> WHAT IS BEING ASKED
Where a line contains "Milwaukee 3/8 ratchet", begin there and restate word for word every line to the end of the entries below, pictures excluded.

> DATASET RECORDS
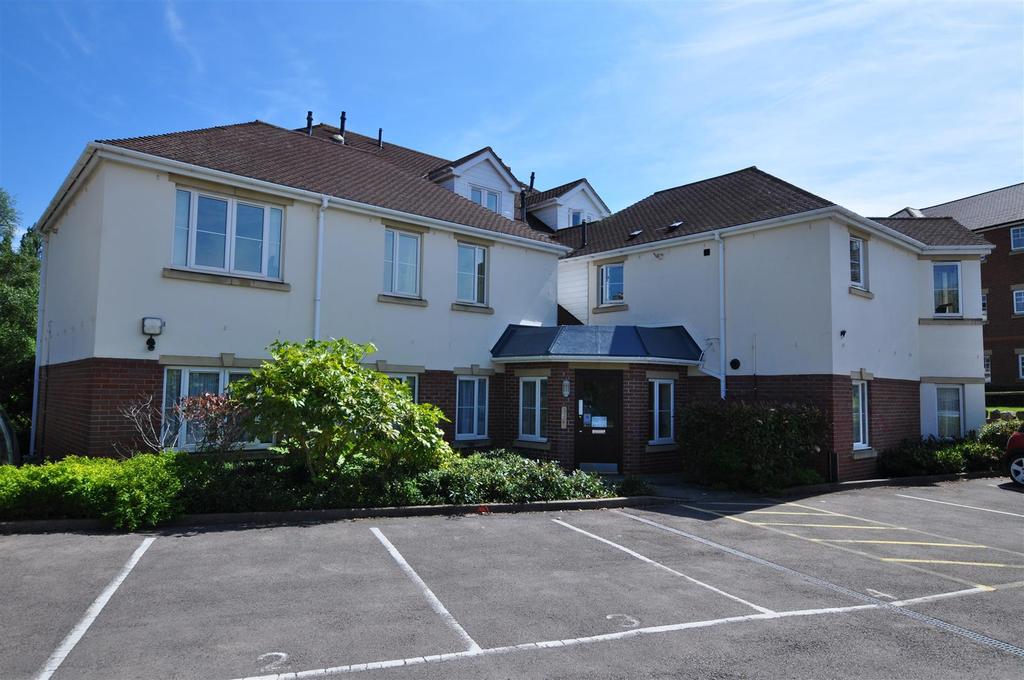 Leigh Sinton Road, Malvern 2 bed apartment £850 pcm (£196 pw)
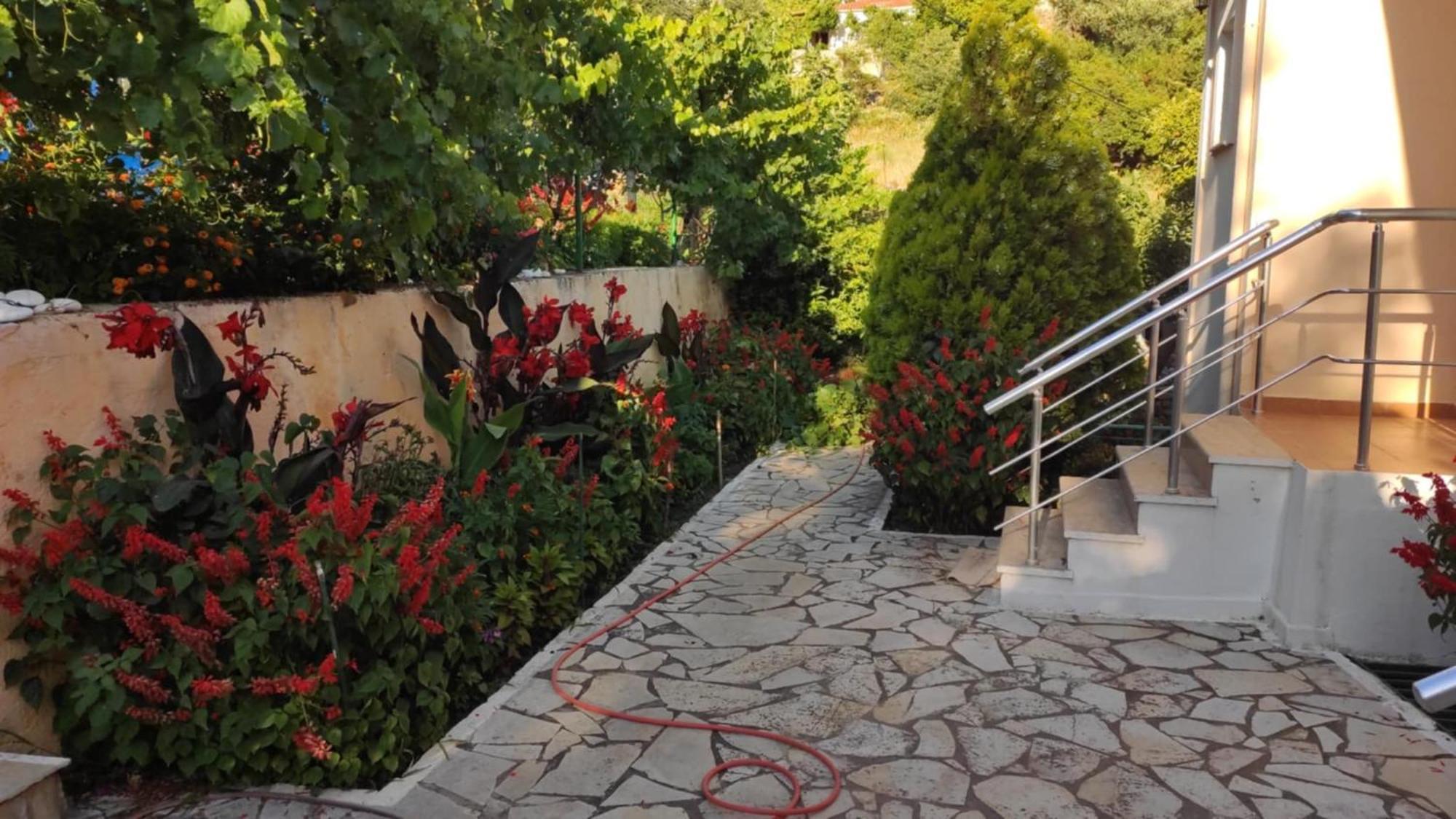 Vasil Rooms Lukovë Екстериор снимка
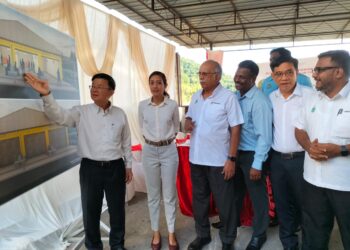 CHOW Kon Yeow ketika merasmikan majlis pecah tanah bangunan penyimpanan mayat kaum India di Padang Tembak, Air Itam, Pulau Pinang hari ini.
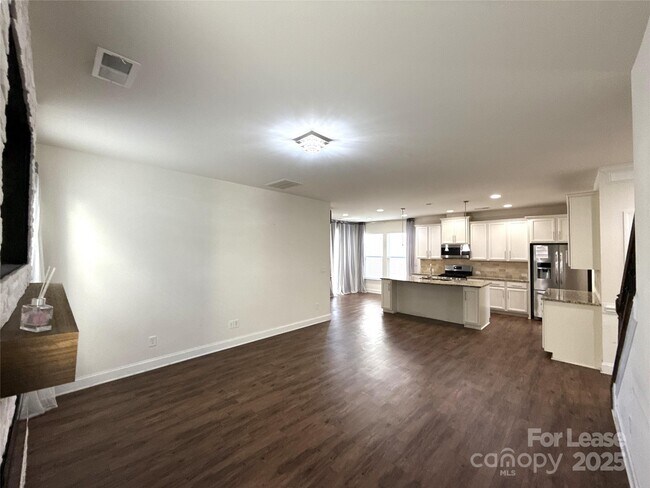 Foto del edificio - 3316 Christopher Jacob Ct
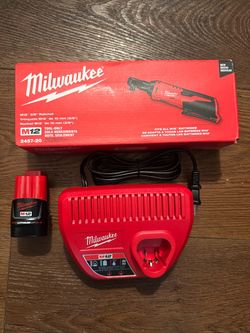 Milwaukee 3/8 ratchet kit battery charger and battery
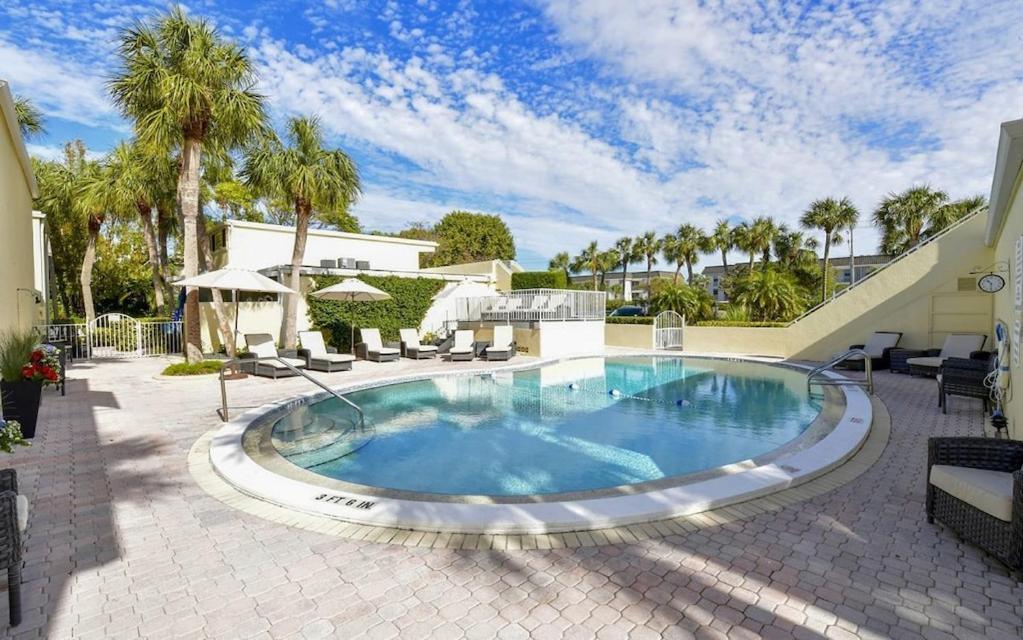 Laplaya 201C Breathtaking Gulf Panorama From This Corner End Unit With A Private Stairway To The Beach Longboat Key Extérieur photo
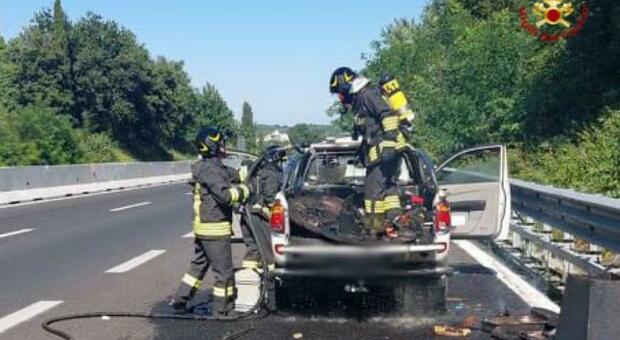 In fiamme un'auto sull'Ascoli-Mare in direzione Ancarano: danni al materiale trasportato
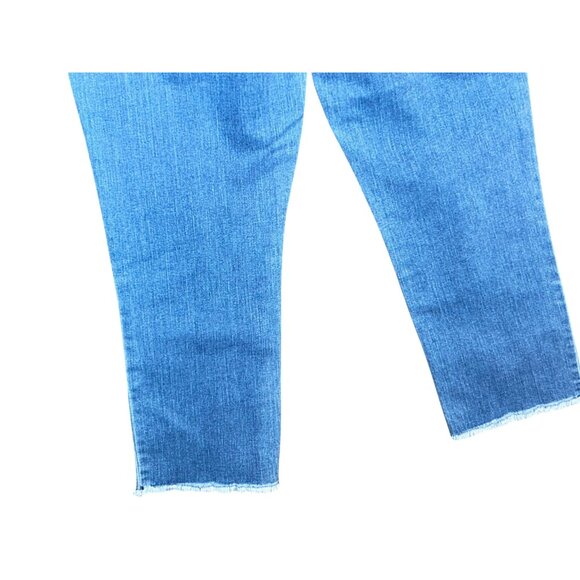 Code Bleu High Rise Classic Crop Frayed Hem Jeans Size 8P - Picture 5 of 6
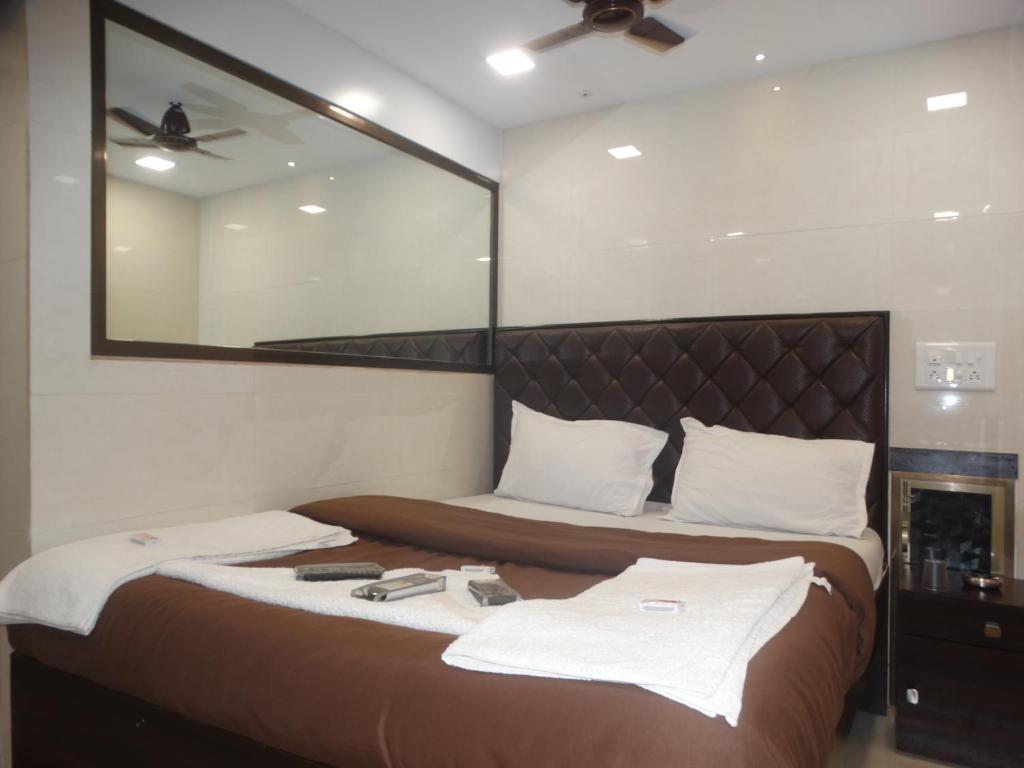 Двухместный (Двухместный номер Делюкс с 1 кроватью - без кондиционера) отеля Hotel Qamar, Мумбай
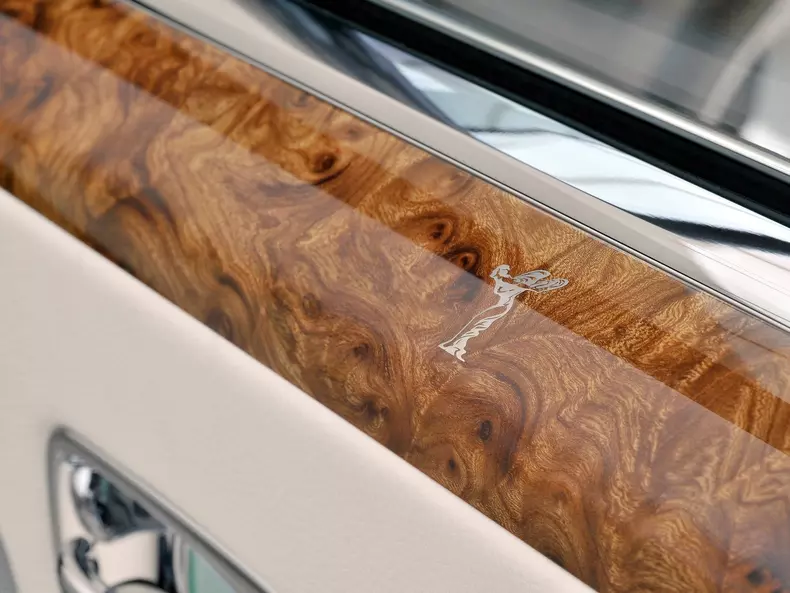 Rolls-Royce-Ghost-2010-1600-65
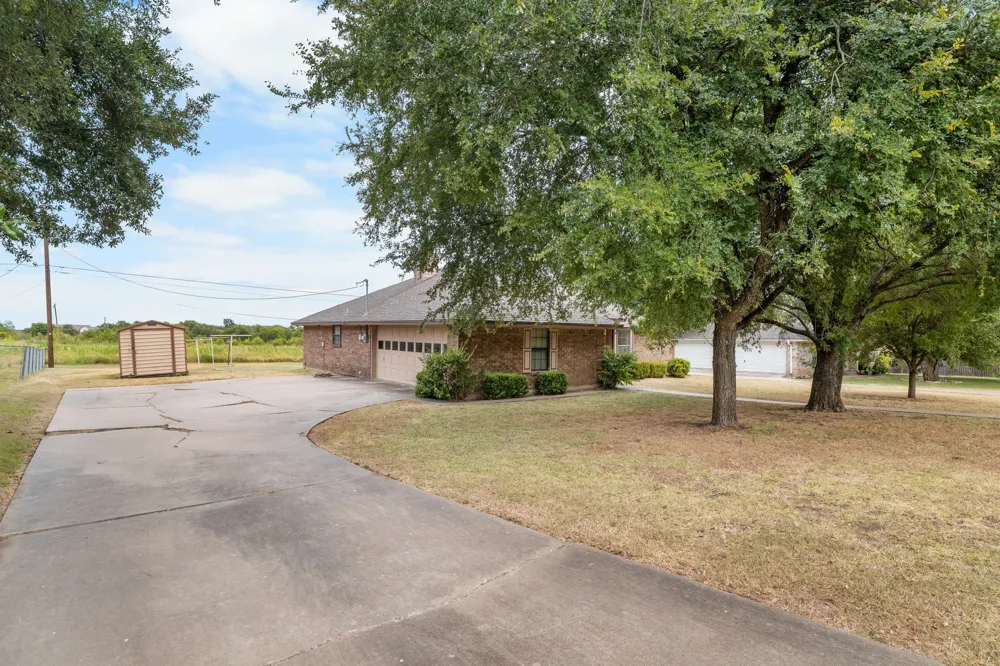 502 Celeste Drive Robinson, TX 76706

> ANSWER SECTION
 Milwaukee 3/8 ratchet kit battery charger and battery
 Laplaya 201C Breathtaking Gulf Panorama From This Corner End Unit With A Private Stairway To The Beach Longboat Key Extérieur photo
 In fiamme un'auto sull'Ascoli-Mare in direzione Ancarano: danni al materiale trasportato
 Code Bleu High Rise Classic Crop Frayed Hem Jeans Size 8P - Picture 5 of 6
 Двухместный (Двухместный номер Делюкс с 1 кроватью - без кондиционера) отеля Hotel Qamar, Мумбай
 Rolls-Royce-Ghost-2010-1600-65
 502 Celeste Drive Robinson, TX 76706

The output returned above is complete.